Since he moved to Utah a few years ago, Wolfe’s support of the Guatemalans has decreased as his desire to support the Washington County community, and other needs within the U.S., has grown, he said. When he heard about SwitchPoint Community Resource Center he wanted to support that effort and so participated in United Way Dixie’s ball drop fundraiser.

Ryan Carter holds the iPad he was awarded by SouthWest Community Federal Credit Union for his participation in the United Way Dixie Ball Drop for Charity on Oct. 24, St. George, Utah, Nov. 19, 2014 | Photo courtesy of Rebekah Pectol, St. George News
Randy Carter holds the iPad he was awarded by SouthWest Community Federal Credit Union for his participation in the United Way Dixie Ball Drop for Charity on Oct. 24, St. George, Utah, Nov. 19, 2014 | Photo courtesy of United Way Dixie Executive Director Rebekah Pectol, St. George News

Fourth place winner regifts to his wife

Carter, who won the iPad, said he has always been lucky to win prizes on the radio and otherwise. He has won a vacation and a check for $1,200 at various drawings, he said, and wanted to give back to the community by donating money to United Way Dixie.

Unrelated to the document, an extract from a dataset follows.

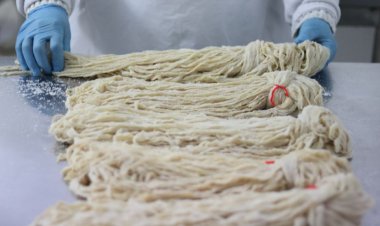 20 de tone de maţe cu depăşiri de antibiotic au fost reţinute în Constanţa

“(United Way Dixie) is an amazing program,” Carter said. “They do such great things to help those in need within the community.”

Carter gave the iPad to his wife to use to take pictures during their upcoming trip to Costa Rica, he said, as well as other uses.

First and second place winners

The grand prize winner, Dale Johnson, won a PT Cruiser convertible donated by Premier Car and Truck; and the second place grand prize winner Ken LeFevre won a pool table valued at $6,000 donated by KCSG Television, both previously presented.